I’ve crossed my fair share of finish lines but the only one that I really remember was the marathon I ran for God alone.  Its not the race that brings a smile to my face, it was the way that God filled my heart and carried me those 26.2 miles that makes it such awesome experience.  Only in service, only in faith, only with God can we truly be complete!  I will say it again, EVERYTHING we do can and should be an act of worship.  You don’t need special skills, God has created you to serve in your own special way.  You don’t need an education to be useful to God, just pick up your Bible and spend some time seeking the wisdom that He alone can give us!  Everyone was created to serve, and we all have the choice to do what we were created for or make our own way.  Sometimes we seek to fill the void with the the wrong things; drugs, sex, alcohol, food, exercise, adventure, etc. but these things leave an even bigger hole.  God alone is what we crave and the moment we put Him in the rightful place in our hearts we begin to see nothing else measures up!

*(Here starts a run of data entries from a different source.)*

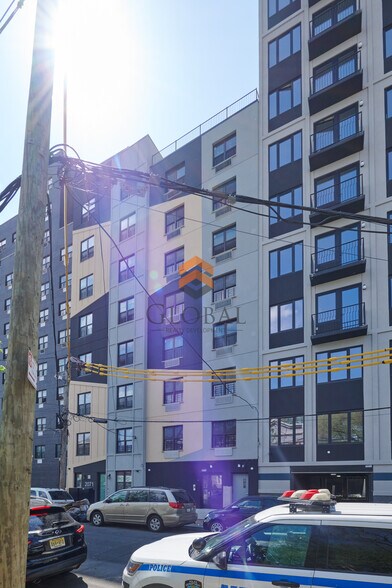 2073 Ryer Ave, Bronx, NY à vendre - Photo de l’immeuble – Image 3 sur 15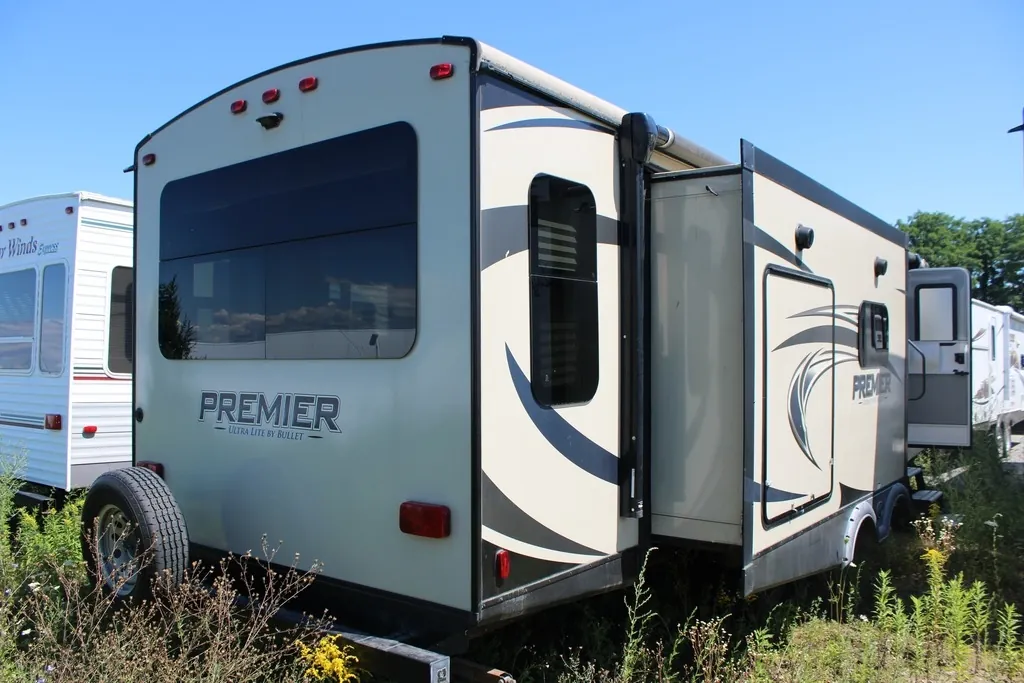 2019 Keystone Premier 30RIPR, Photos photo 5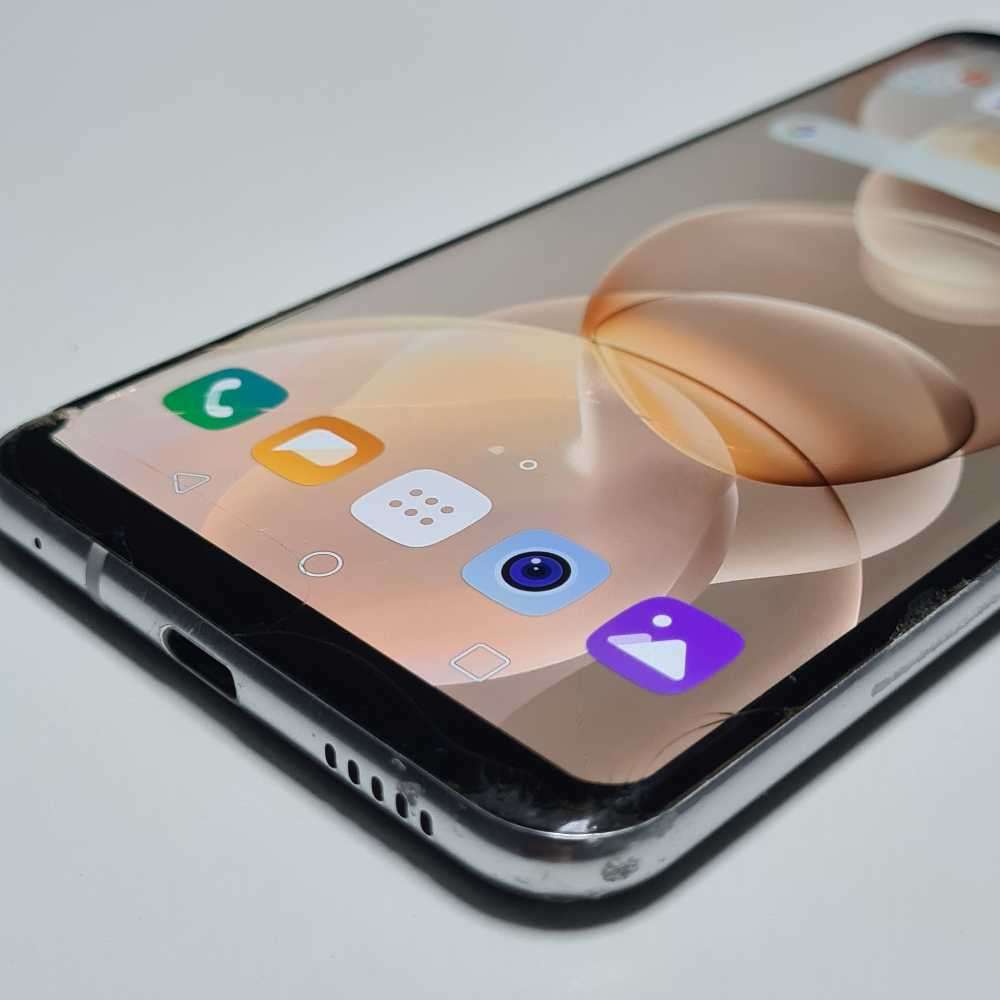 V30+ OLED full vision display. 128GB smartphone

I will give you an example from my life.  My eyes we really opened up to these things when I faced the reality of my weight loss goals.  I had set a number and a jean size and I wanted it, I wanted it bad!  I truly believed that if I could reach 140lbs and a size 6 that I would be completely satisfied with myself.  What I didn’t see was that I was setting myself up for not only failure, but painful backsliding in thinking that something as arbitrary and temporary as a weight or jean size could satisfy what I was “hungering for.”  Well I did reach 140lbs and I do wear a size 6 but the body looking back at me in the mirror hadn’t changed in my eyes (in spite of losing over 40lbs).  The disappointment of feeling like I had gone so far for nothing caused me to temporarily give up and I managed to gain back 10lbs.  I'm so happy that I gained this weight back.  It made me realize that I was reaching for something that was not supposed to be my focus!  Yes, its good to get healthy.  Yes, I need to lose some of my extra weight, but that should never change how I feel about myself!  I am now able to not have the scale deeply impact my heart and my attitude, because I realize that what size I am has nothing to do with who I am.  I did see that me binging on food was my new drug of choice and it was causing me pain.  It left me feeling guilty, angry, and completely disgusted with myself after a binge.  I was trying to stuff food in a hole that needed to be filled with God!  More important than losing that 10lbs again, is to finally be free of the power food and a negative body image have had over my life for far to long.  I will continue this journey to be healthy not so I can look a certain way, but that I can be who God created me to be, someone who depends on Him alone to supply my needs!  Every thing we do should be an act of worship!  My perspective and view of myself is what needs to be changed so that my fulfillment comes from my relationship with God and nothing else!  I share this part of my journey only as an example of how the enemy uses many weapons against us, to try to beat us down and weaken our faith but He cannot win if we put all of our hope in the Lord!

Isaiah 54:17
no weapon forged against you will prevail, and you will refute every tongue that accuses you.  This is the heritage of the servants of the LORD, and this is their vindication from me,” declares the LORD.

The enemy is a LIAR!  Nothing in this world can satisfy us!  I dont care how much money you have, it will never be enough.  I don’t care how many nice things you own, they cannot satisfy your heart.  I don’t care if you travel to every nation of the world and see the wonders of this amazing creation, it will not fulfill your deepest desires.  The only thing that will quench the yearning of your heart is to let God fill it with His love, His purpose, and His plan! There is a yearning in all of our hearts, it was put there on purpose.  That yearning is where God wants to dwell, until He is the only thing we desire!